◆ **SOURCE DATA**
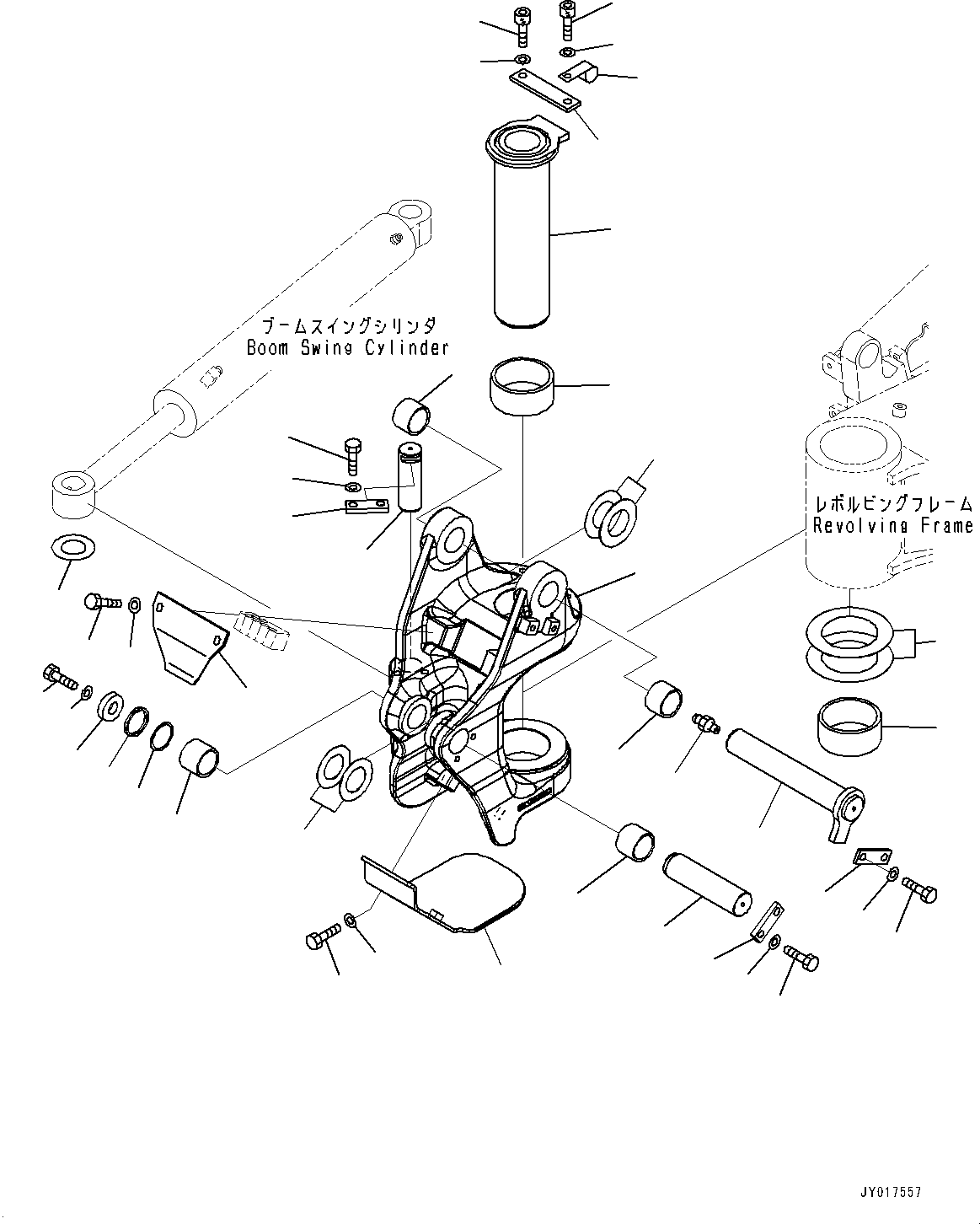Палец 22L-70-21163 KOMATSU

* * *

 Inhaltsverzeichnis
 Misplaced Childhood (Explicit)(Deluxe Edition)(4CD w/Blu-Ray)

* * *

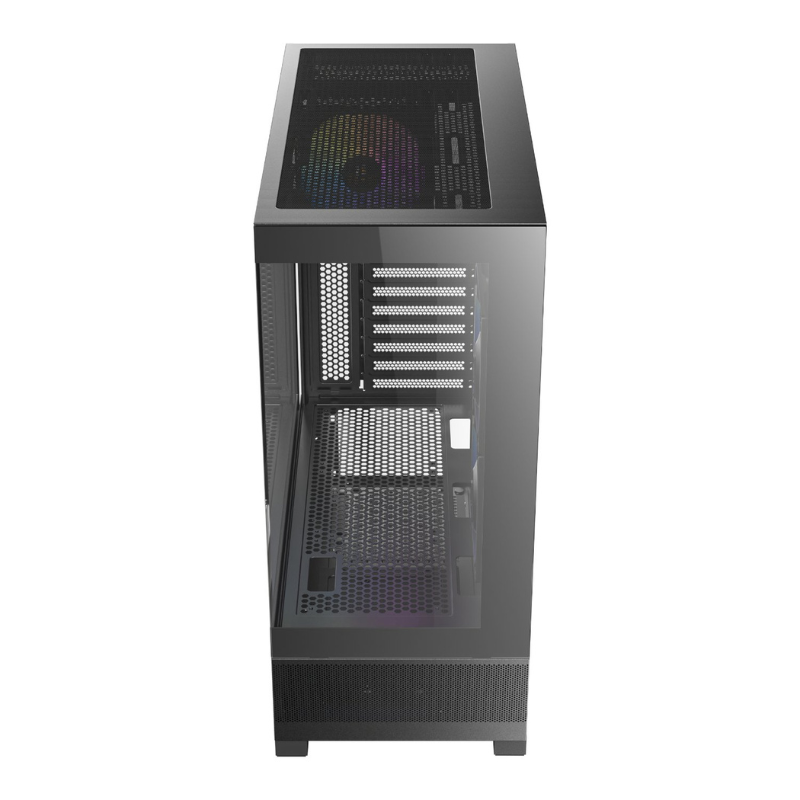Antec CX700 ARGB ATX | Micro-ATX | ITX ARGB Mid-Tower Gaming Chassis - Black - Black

◆ **WHAT TO PRODUCE**
Give back precisely the lines above that start at the line containing "Inhaltsverzeichnis" and end at the line containing "Misplaced Childhood (Explicit)(Deluxe", inclusive. No other lines belong in the output.

◆ **TASK RESPONSE**
 Inhaltsverzeichnis
 Misplaced Childhood (Explicit)(Deluxe Edition)(4CD w/Blu-Ray)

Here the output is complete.